I would like to bring more archivists into the conversation by explaining how I combine archival and computational thinking.  But first, three notes to frame my approach to CAS: a) I learned to do this progressively over the course of many projects, b) I took graduate data analysis courses, and c) It takes a village. I started using data mining methods out of necessity and curiosity, frustrated with the practical limitations of manual methods to address electronic records. I had entered the field of archives because its theories, and the problems that they address are attractive to me, and when I started taking data analysis courses and developing my work, I saw how computational methods could help hypothesize and test archival theories. Coursework in data mining was key to learn methods that initially I understood as “statistics on steroids.” Now I can systematize the process, map it to different problems and inquiries, and suggest the methods that can be used to address them. Finally, my role as a CAS archivist is shaped through my ongoing collaboration with computer scientists and with domain scientists.

In a nutshell, the CAS process goes like this: we first define the problem at hand and identify key archival issues within. On this basis we develop a model, which is an abstraction  of the system that we are concerned with.

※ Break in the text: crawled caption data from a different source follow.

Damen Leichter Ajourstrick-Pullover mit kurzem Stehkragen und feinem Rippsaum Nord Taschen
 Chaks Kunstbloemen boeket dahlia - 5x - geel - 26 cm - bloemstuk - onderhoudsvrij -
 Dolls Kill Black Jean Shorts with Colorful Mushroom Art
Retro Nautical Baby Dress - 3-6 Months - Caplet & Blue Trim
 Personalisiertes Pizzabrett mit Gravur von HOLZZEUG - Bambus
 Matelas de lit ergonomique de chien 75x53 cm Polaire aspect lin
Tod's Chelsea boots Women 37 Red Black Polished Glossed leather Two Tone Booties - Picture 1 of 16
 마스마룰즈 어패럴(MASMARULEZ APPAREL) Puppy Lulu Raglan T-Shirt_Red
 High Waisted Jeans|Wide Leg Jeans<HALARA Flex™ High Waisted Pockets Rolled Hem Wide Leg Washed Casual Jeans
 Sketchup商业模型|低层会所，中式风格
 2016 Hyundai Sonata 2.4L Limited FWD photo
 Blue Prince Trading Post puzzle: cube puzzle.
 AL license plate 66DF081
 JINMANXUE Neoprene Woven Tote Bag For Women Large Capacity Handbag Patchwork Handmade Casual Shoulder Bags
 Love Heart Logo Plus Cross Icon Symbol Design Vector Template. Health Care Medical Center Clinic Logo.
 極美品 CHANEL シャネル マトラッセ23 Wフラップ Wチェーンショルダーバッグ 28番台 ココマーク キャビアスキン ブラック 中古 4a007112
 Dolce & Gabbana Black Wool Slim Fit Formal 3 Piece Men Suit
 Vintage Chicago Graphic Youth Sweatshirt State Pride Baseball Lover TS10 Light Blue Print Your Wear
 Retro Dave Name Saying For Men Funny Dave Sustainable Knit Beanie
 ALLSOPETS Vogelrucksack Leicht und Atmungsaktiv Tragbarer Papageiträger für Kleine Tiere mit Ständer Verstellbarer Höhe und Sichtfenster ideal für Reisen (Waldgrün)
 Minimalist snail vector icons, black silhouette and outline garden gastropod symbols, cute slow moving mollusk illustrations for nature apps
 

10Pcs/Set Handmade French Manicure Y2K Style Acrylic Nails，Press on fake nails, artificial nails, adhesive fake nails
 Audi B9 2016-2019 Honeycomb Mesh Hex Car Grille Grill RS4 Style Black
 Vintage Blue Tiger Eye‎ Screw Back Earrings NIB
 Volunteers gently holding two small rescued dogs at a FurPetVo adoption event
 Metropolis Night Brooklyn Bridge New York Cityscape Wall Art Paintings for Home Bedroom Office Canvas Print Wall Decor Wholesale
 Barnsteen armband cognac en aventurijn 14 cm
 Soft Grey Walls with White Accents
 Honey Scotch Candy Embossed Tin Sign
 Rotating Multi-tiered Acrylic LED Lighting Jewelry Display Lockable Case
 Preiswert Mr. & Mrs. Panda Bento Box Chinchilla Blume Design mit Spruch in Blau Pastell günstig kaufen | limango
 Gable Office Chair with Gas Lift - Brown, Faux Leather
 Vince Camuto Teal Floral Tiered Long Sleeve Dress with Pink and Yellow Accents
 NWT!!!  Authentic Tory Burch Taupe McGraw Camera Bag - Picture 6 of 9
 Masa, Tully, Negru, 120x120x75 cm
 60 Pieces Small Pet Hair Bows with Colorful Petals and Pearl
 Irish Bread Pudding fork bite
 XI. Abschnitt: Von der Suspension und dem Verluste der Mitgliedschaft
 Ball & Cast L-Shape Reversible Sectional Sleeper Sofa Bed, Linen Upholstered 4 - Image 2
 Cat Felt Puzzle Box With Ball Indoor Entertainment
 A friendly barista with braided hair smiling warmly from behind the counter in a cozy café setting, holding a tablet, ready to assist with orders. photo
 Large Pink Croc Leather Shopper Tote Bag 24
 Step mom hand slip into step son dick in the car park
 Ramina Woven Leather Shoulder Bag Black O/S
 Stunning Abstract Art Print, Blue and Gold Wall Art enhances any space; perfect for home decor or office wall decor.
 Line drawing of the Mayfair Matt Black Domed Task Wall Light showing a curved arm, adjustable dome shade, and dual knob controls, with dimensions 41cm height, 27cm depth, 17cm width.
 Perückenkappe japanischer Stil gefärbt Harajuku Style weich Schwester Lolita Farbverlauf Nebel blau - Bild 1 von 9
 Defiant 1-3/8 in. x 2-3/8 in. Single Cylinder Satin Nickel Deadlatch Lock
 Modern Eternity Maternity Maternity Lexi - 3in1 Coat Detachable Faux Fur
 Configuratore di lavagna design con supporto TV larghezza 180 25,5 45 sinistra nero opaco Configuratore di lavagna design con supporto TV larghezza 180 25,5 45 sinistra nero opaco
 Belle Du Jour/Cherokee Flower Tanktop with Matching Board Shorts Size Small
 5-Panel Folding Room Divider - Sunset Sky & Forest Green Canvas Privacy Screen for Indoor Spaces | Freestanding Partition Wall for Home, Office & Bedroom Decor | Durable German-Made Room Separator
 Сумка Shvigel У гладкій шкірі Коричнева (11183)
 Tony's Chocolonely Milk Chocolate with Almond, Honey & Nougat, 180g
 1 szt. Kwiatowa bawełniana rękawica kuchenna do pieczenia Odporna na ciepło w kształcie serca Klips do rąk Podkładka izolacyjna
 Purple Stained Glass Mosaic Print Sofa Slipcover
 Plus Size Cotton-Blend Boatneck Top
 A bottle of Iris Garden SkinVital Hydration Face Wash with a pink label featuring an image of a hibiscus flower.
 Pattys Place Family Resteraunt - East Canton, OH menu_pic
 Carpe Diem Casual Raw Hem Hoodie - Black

The model can be a methodology or a workflow, and it may include policies, benchmarks, and deliverables. Then, an algorithm, which is a set of steps that are accomplished within a software and hardware environment, is designed to automate the model and solve the problem.

A project in which I collaborate with Dr. Weijia Xu, a computer scientist at the Texas Advanced Computing Center, and Dr. Scott Brandenberg, an engineering professor at UCLA illustrates a CAS case. To publish and archive large amounts of complex data from natural hazards engineering experiments, researchers would need to manually enter significant amounts of metadata, which has proven impractical and inconsistent. Instead, they need automated methods to organize and describe their data which may consist of reports, plans and drawings, data files and images among other document types. The archival challenge is to design such a method in a way that the scientific record of the experiments is accurately represented. For this, the model has to convey the dataset’s provenance and capture the right type of metadata. To build the model we asked the domain scientist to draw out a typical experiment steps, and to provide terms that characterize its conditions, tools, materials, and resultant data. Using this information we created a data model, which is a network of classes that represent the experiment process, and of metadata terms describing the process. The figures below are the workflow and corresponding data model for centrifuge experiments.

Figure 1. Workflow of a centrifuge experiment by Dr. Scott Brandenberg

 

Figure 2. Networked data model of the centrifuge experiment process by the archivist

Following, Dr. Weijia Xu created an algorithm that combines text mining methods to: a) identify the terms from the model that are present in data belonging to an experiment, b) extend the terms in the model to related ones present in the data, and c) based on the presence of all the terms, predict the classes to which data belongs to. Using this method, a dataset can be organized around classes/processes and steps, and corresponding metadata terms describe those classes.

In a CAS project, the archivist defines the problem and gathers the requirements that will shape the deliverables. He or she collaborates with the domain scientists to model the “problem” system, and with the computer scientist to design the algorithm. An interesting aspect is how the method is evaluated by all team members using data-driven and qualitative methods. Using the data model as the ground truth we assess if data gets correctly assigned to classes, and if the metadata terms correctly describe the content of the data files. At the same time, as new terms are found in the dataset and the data model gets refined, the domain scientist and the archivist review the accuracy of the resulting representation and the generalizability of the solution.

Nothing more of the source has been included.